BRIEF -
The full listing below should be copied verbatim.

DATASET EXTRACT -
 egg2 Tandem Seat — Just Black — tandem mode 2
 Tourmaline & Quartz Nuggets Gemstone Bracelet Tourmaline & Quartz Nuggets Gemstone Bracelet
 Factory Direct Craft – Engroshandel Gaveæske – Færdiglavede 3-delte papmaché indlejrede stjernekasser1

SOLUTION -
 egg2 Tandem Seat — Just Black — tandem mode 2
 Tourmaline & Quartz Nuggets Gemstone Bracelet Tourmaline & Quartz Nuggets Gemstone Bracelet
 Factory Direct Craft – Engroshandel Gaveæske – Færdiglavede 3-delte papmaché indlejrede stjernekasser1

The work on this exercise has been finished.